Jon was on high alert and feeling pretty disturbed by this. So, he tweeted the whole encounter. JON: The tweet went super viral because, you know, frankly it was entertaining. Even when I was in the room, I was kinda laughing at myself. I was like, who is this guy? This is so crazy. You don’t have interviews like that ever, you know? You don’t ever have those. It’s rare to have an experience in your life where that’s
just so surreal. You’re like, is this happening? Like, this person’s just making stuff up and their resume’s not consistent with their GitHub, is not consistent with their real name, and their quote, unquote real name is “Bobby Sierra” and his cover letter sign-off is ‘the world will see a great result from my hands’. So, it was just a funny thread and it just went super viral. It instantly got thousands of likes.

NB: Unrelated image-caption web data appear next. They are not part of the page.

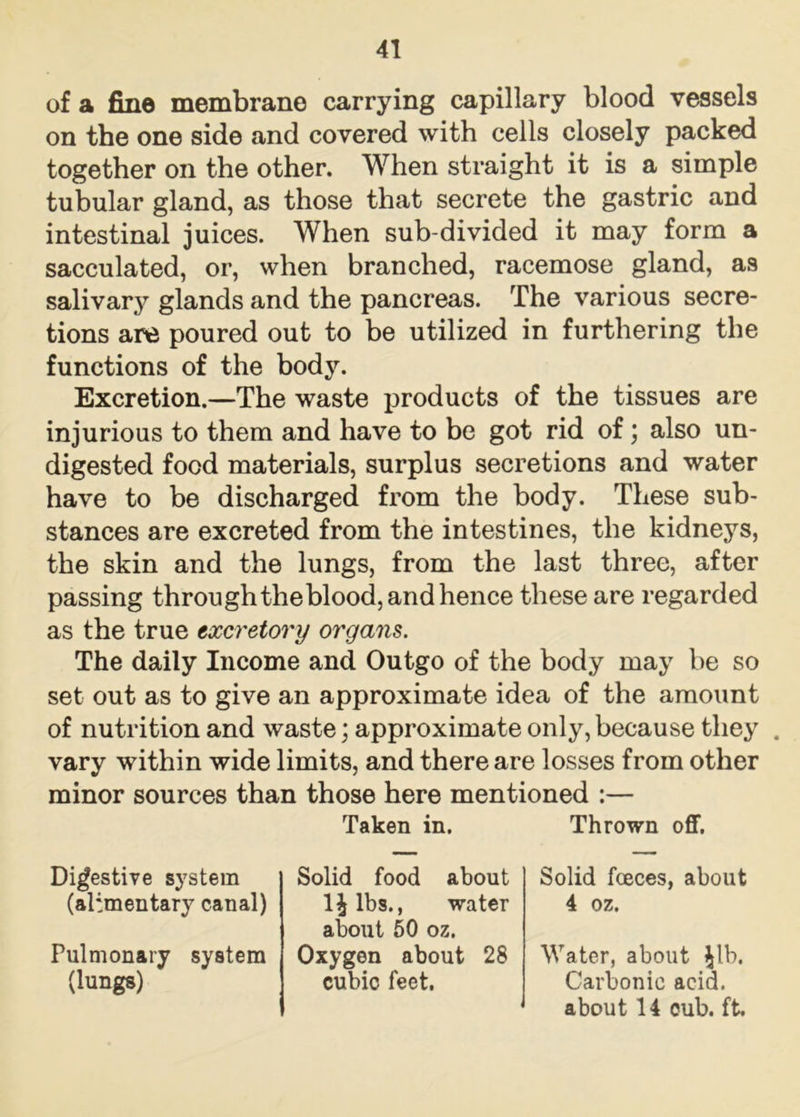 of a fine membrane carrying capillary blood vessels on the one side and covered with cells closely packed together on the other. When straight it is a simple tubular gland, as those that secrete the gastric and intestinal juices. When sub-divided it may form a sacculated, or, when branched, racemose gland, as salivary glands and the pancreas. The various secre- tions are poured out to be utilized in furthering the functions of the body. Excretion.—The waste products of the tissues are injurious to them and have to be got rid of; also un- digested food materials, surplus secretions and water have to be discharged from the body. These sub- stances are excreted from the intestines, the kidneys, the skin and the lungs, from the last three, after passing through theblood, and hence these are regarded as the true excretory organs. The daily Income and Outgo of the body may be so set out as to give an approximate idea of the amount of nutrition and waste; approximate only, because they . vary within wide limits, and there are losses from other minor sources than those here mentioned :— Taken in. Thrown off. Digestive system (alimentary canal) Pulmonary system (lungs) % Solid food about ljlbs., water about 50 oz. Oxygen about 28 cubic feet. Solid faeces, about 4 oz. Water, about ^lb. Carbonic acid, about 14 cub. ft.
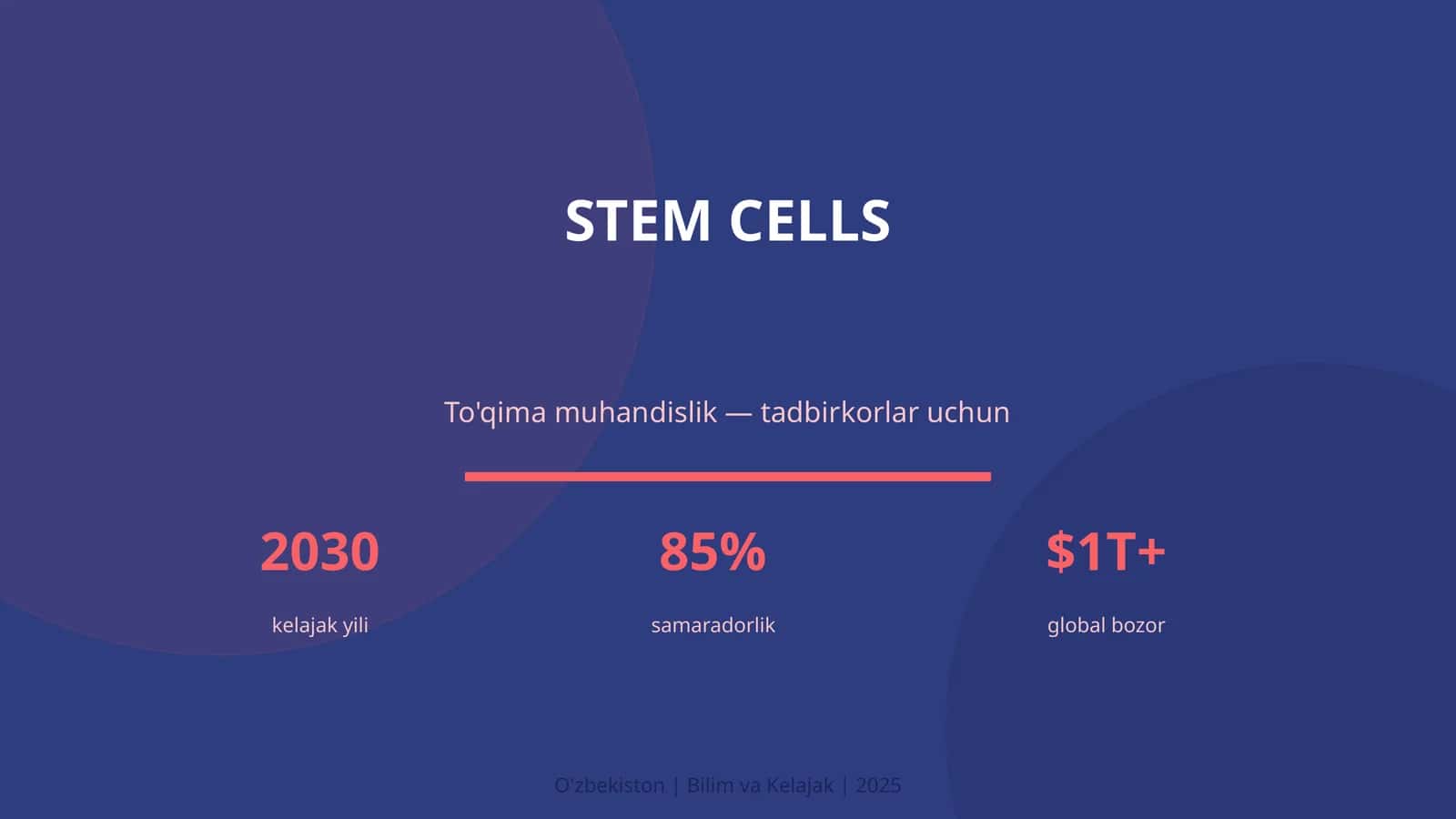 Stem cells 1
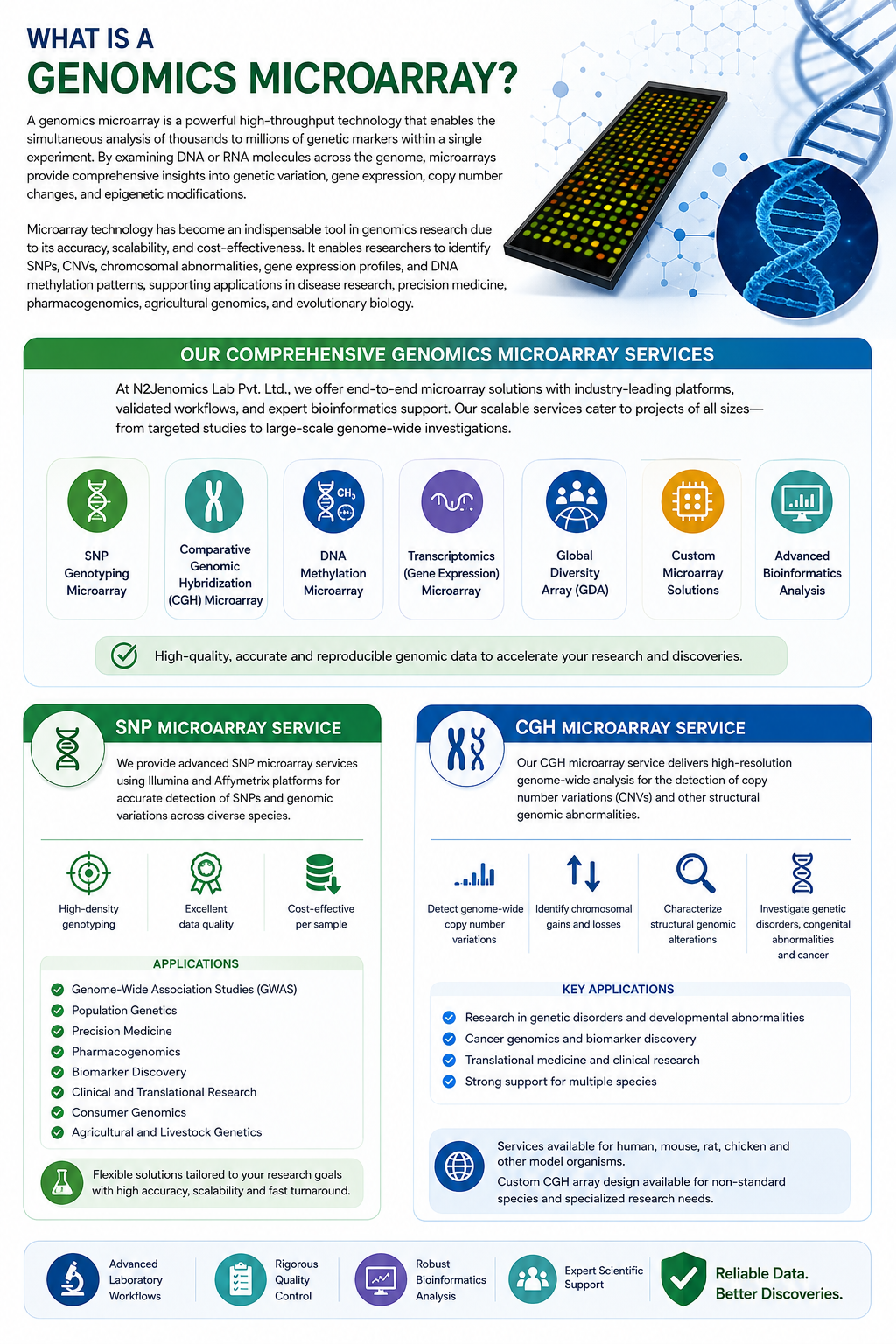 Genomics Microarray Services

Some people were saying no, dude, this is typical; if you interview enough people for a while, there’s some really weird ones that just show up. So, Jon was starting to doubt that it was North Korea, but another crypto investor who had his digital assets stolen a little before this said it was definitely North Korea because he’s seen this before. So, Jon wasn’t sure again. JON: But then yesterday, I think, this week,
the US Treasury published a sixteen-page advisory on North Korean overseas IT workers. That advisory explained almost to the word the tactics that this guy Bobby Sierra was using on me. This advisory from the US Treasury and the FBI says that North Korea has been trying to dispatch IT workers to work for companies all over the world remotely,
posing as non-North Koreans. Some of these people, when they get hired, they don’t even do the work; they just hire a subcontractor to actually do the job that they were supposed to do. Once again, North Korea has flabbergasted me. I mean, what level of social engineering even is this, to try to get a job at the very place you want to rob, and it’s done by the world’s worst
social engineer? It’s bold and ridiculous at the same time. One thing that seems clear from this is that the Lazarus Group is on a tenacious mission to steal crypto from people and places all over the world, and they’re pretty creative at coming up with new ideas on how to do it. [MUSIC] It’s almost like the Lazarus Group has a whole RND department that cooks up ways to steal money.